Bernie Taupin is a celebrated lyricist, author and visual artist whose words have shaped some of the most enduring songs in modern music. Best known for his legendary partnership with Elton John, Taupin helped create more than 35 gold and 25 platinum albums, over 30 consecutive U.S. Top 40 hits and one of the best-selling singles of all time, “Candle in the Wind 1997.” His achievements have earned him the Gershwin Prize for Popular Song, a dozen Ivor Novello Awards, an Academy Award, two Golden Globes, induction into the Rock & Roll Hall of Fame, and a Commander of the British Empire honor.
Eddie Palmieri was a visionary pianist, composer, arranger and bandleader whose own personal signature took Afro-Caribbean music to new horizons for over seven decades. Born in 1936 in Spanish Harlem to Puerto Rican parents, he began playing piano in childhood and launched his professional career in the 1950s. In 1961, he founded La Perfecta, replacing trumpets with trombones to forge a bold new sound that helped define modern salsa. His landmark 1965 recording Azúcar Pa’ Ti, exemplified his groundbreaking works and was inducted into the Library of Congress in 2009. In 1975, Palmieri became the first Latino ever to win a Grammy for his recording Sun of Latin Music, eventually earning eight Grammy Awards and two Latin Grammys.

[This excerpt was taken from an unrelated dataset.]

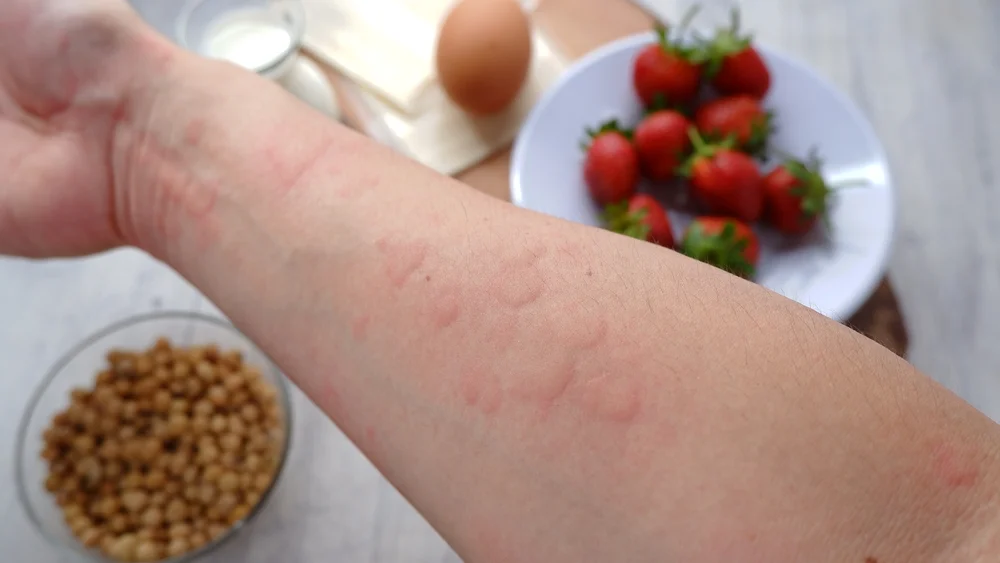 How To Know If You Have a Food Allergy Food Allergy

Sylvia Rhone is a pioneering music executive whose five-decade career reshaped the recording industry and forged historic pathways for women and people of color. Rising from Harlem, she became the first woman to serve as CEO of a major record label owned by a Fortune 500 company and went on to hold top executive roles across all three major music groups at four companies, including Atlantic Records, Elektra, Motown, and Epic Records, where she was named Chairwoman and CEO in 2019. Her leadership has earned her more than three dozen honors, including the Recording Academy’s Global Impact Award, Billboard’s Executive of the Year and the City of Hope Spirit of Life Award.

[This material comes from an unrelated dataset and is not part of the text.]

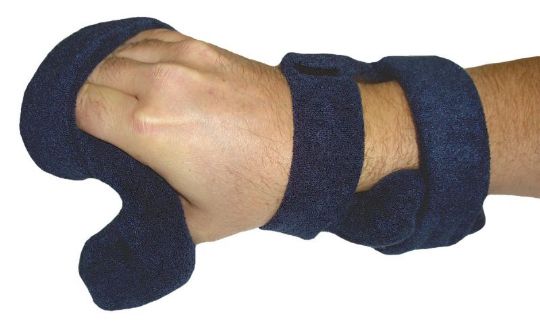 Top view of the Comfy Splints Deviation Opposition Hand Orthosis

This Special Merit Award is presented by vote of the Producers & Engineers Wing Advisory Council and Chapter Committees and ratification by the Recording Academy’s National Trustees to individuals and/or companies/organizations/institutions who have made contributions of outstanding technical significance to the recording field.

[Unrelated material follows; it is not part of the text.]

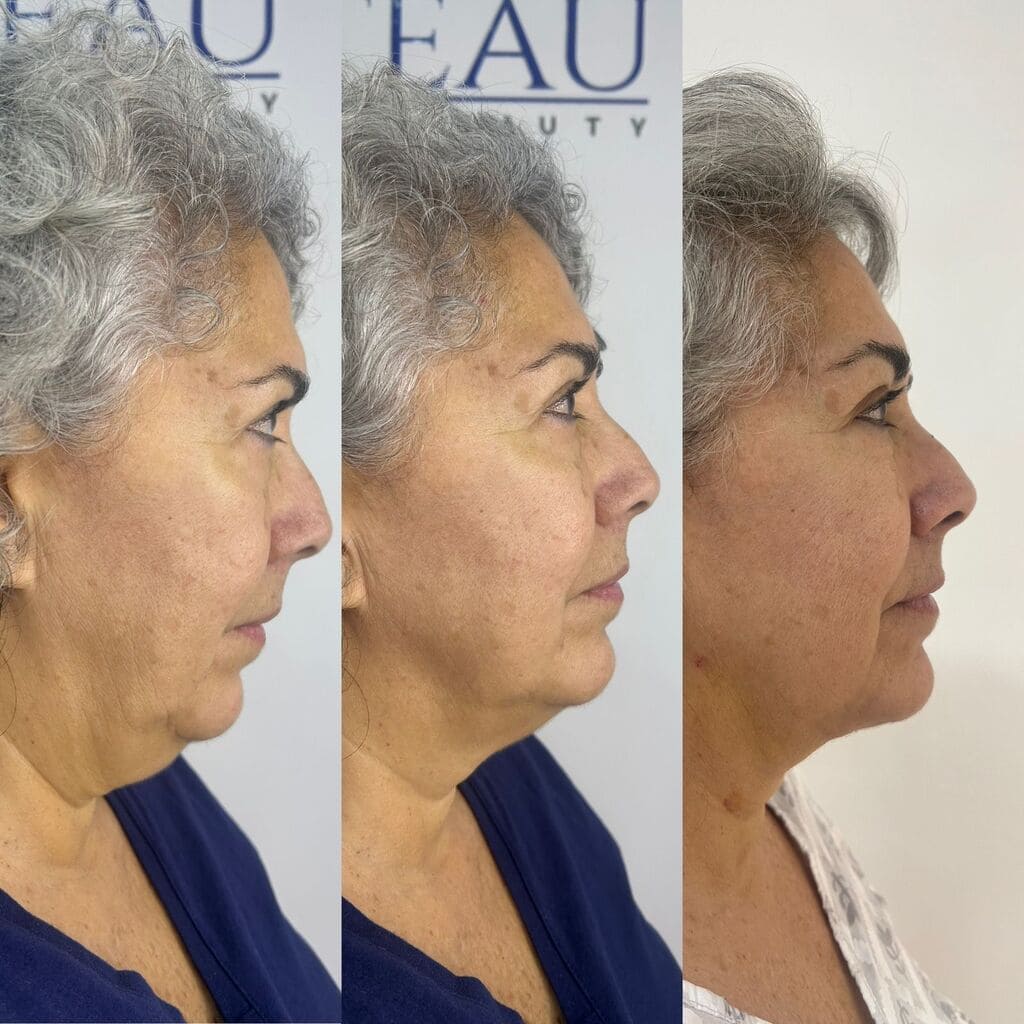 ANTES Y DESPUÉS M.E.L.A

John Chowning is a composer and computer-music innovator whose discovery of frequency modulation (FM) synthesis in 1967 revolutionized electronic sound. After studying with Nadia Boulanger and earning his doctorate at Stanford, he launched the university’s early computer-music program and developed the first digital algorithm for surround-sound localization. Stanford’s licensing of his FM patent to Yamaha led to the most successful synthesis engine in the history of electronic instruments. A co-founder of Stanford’s Center for Computer Research in Music and Acoustics (CCRMA) in 1974, Chowning helped establish one of the world’s leading hubs for computer-music research.